# Ports Programm starten

## JoHo42

Hi Leute,

wenn ein Port geoeffent wird ist es moeglich dann ein Programm zu starten?

Wenn ja wo gibt es Scripte / Programme dafuer.

Kurz erklaert bei mir laeuft ein VNC Server.

Wird jetzt mit dem VNC eine Verbindung gemacht, soll hier ein Programm

gestartet werden.

Gruss Joerg

----------

## bunder

Moved from Deutsche Dokumentation to Deutsches Forum (German).

----------

## disi

Nur so eine Idee, ich kenne mit leider nicht mit VNC so gut aus.

Falls FreeNX in Frage kommt, koennte man ja mit der xinitrc die Programme starten die der Benutzer haben soll in der xsession.

p.s. startet der VNC denn auch eine neue xsession oder verbindet er nur zu einer bestehenden?
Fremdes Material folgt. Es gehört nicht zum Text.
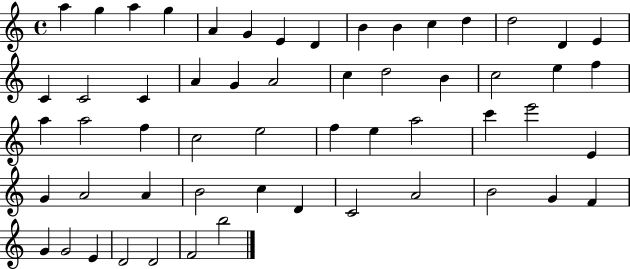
A5/q G5/q A5/q G5/q A4/q G4/q E4/q D4/q B4/q B4/q C5/q D5/q D5/h D4/q E4/q C4/q C4/h C4/q A4/q G4/q A4/h C5/q D5/h B4/q C5/h E5/q F5/q A5/q A5/h F5/q C5/h E5/h F5/q E5/q A5/h C6/q E6/h E4/q G4/q A4/h A4/q B4/h C5/q D4/q C4/h A4/h B4/h G4/q F4/q G4/q G4/h E4/q D4/h D4/h F4/h B5/h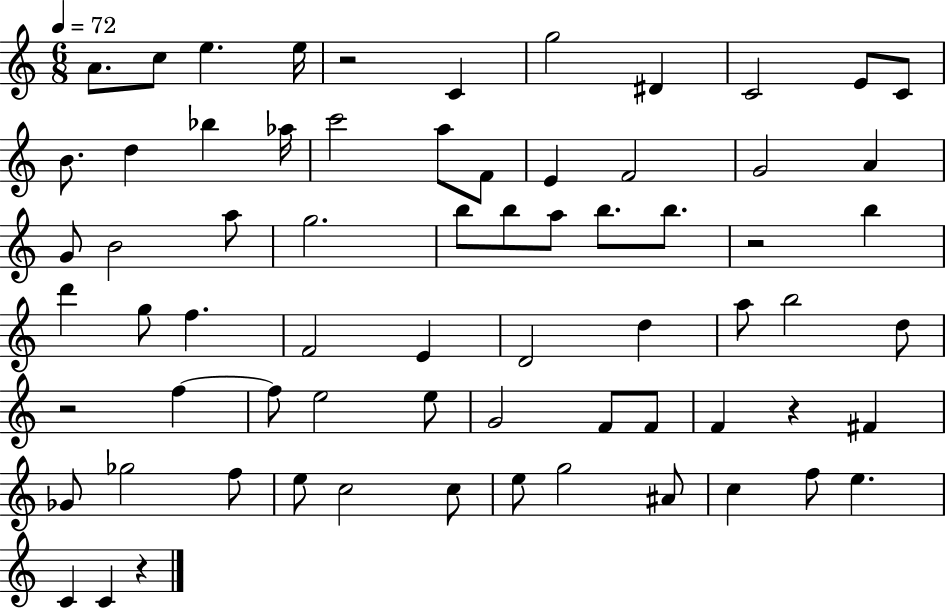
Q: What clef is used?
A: treble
//edit: nicht in default so wie es scheint:

Now the server is started and a user could connect, however they will get a plain grey desktop by default as the connection will not cause a new 

session of X to start by default, to fix this we need to edit the startup script in the .vnc folder in your home directory.
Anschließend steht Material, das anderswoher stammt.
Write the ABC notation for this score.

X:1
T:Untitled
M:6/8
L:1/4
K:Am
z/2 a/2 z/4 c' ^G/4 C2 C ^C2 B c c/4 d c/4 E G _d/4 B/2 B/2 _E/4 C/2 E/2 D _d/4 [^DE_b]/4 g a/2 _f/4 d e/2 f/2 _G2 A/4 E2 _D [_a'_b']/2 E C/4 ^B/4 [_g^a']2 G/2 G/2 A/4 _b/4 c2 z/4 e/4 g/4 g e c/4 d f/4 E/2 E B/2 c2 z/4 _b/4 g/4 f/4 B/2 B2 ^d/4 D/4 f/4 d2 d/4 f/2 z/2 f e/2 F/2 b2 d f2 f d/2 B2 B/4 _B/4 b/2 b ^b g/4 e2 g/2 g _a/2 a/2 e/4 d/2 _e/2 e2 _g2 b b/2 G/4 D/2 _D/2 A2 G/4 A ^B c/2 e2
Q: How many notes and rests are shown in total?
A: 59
das waere der workaround um doch eine eigene xsession zu bekommen mit vnc: http://www.bobpeers.com/linux/vnc.php

----------

## JoHo42

Hi,

danke fuer die erste Idee.

Aber das ist irgendwie noch nicht das was ich will.
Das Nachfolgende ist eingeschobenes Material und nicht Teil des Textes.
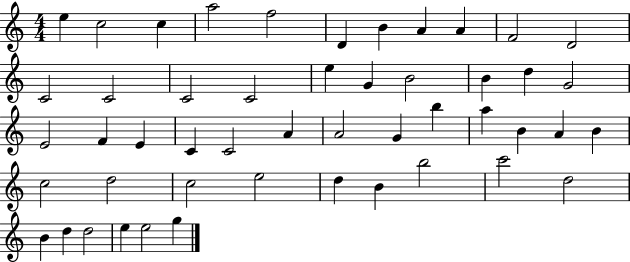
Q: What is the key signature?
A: C major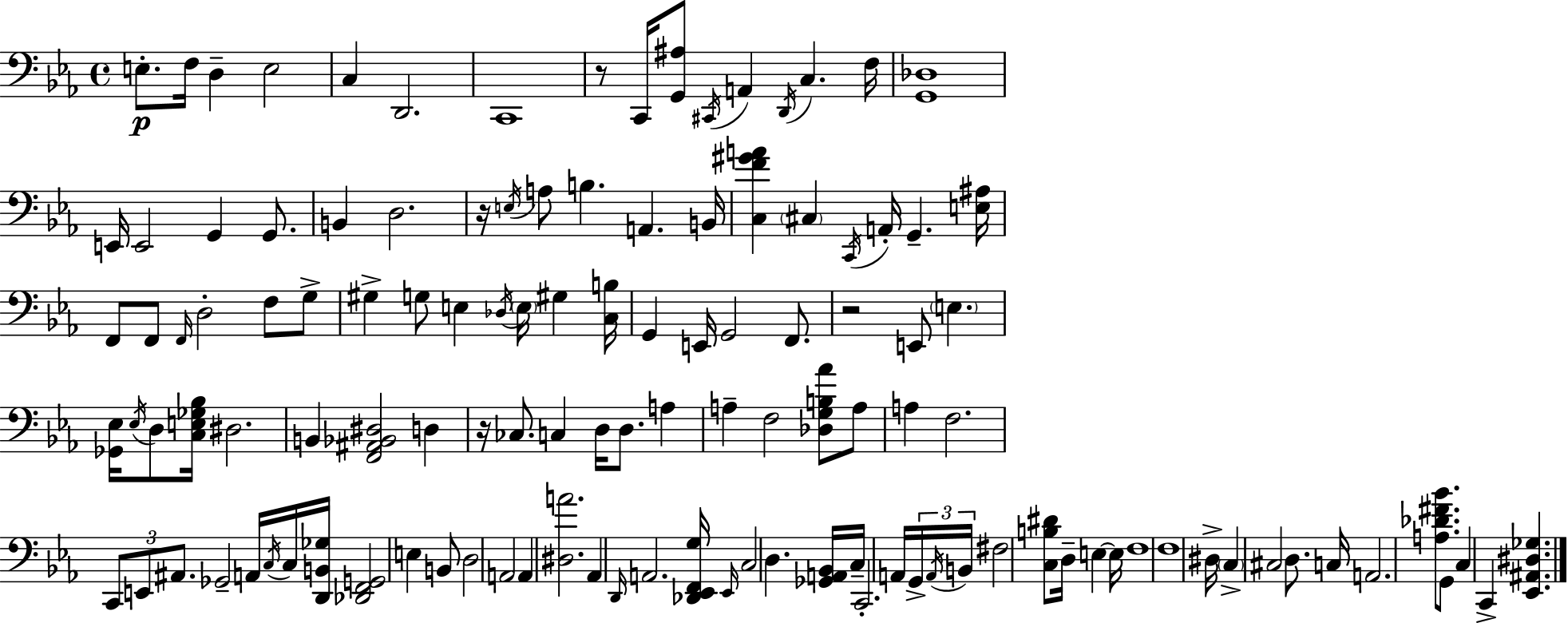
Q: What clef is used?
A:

Ich habe auch kein KDE und nichts.

Wenn ich mir das ganze mit netstat -p anschauen,

weiss ich ob die VNC verbindung hat oder nicht.

Jetzt muss ich egentlich nur ein script haben,

das bei Verbindung ein Programm startet.

Ich weiss, das es hier im Forum dafuer schon loesungen

gegeben hat.

Allerdings finde ich diese nicht.

Gruss Joerg

----------

## Dragonix

Und wie wärs mit xinetd?

https://forums.gentoo.org/viewtopic.php?t=72893

Hat so mal meinen Server laufen, aber als ich ihn neu aufgesetzt hab, hab ich das ganze X Zeugs sein gelassen, und verwalte ihn nur über ssh...

----------

## JoHo42

Irgendwie verstehe ich das xinedt nicht.

Mir reicht es ja schon, wenn ein Programm auf einem bestimmten Port

schaut, ob auf diesem eine Verbindung ist oder nicht.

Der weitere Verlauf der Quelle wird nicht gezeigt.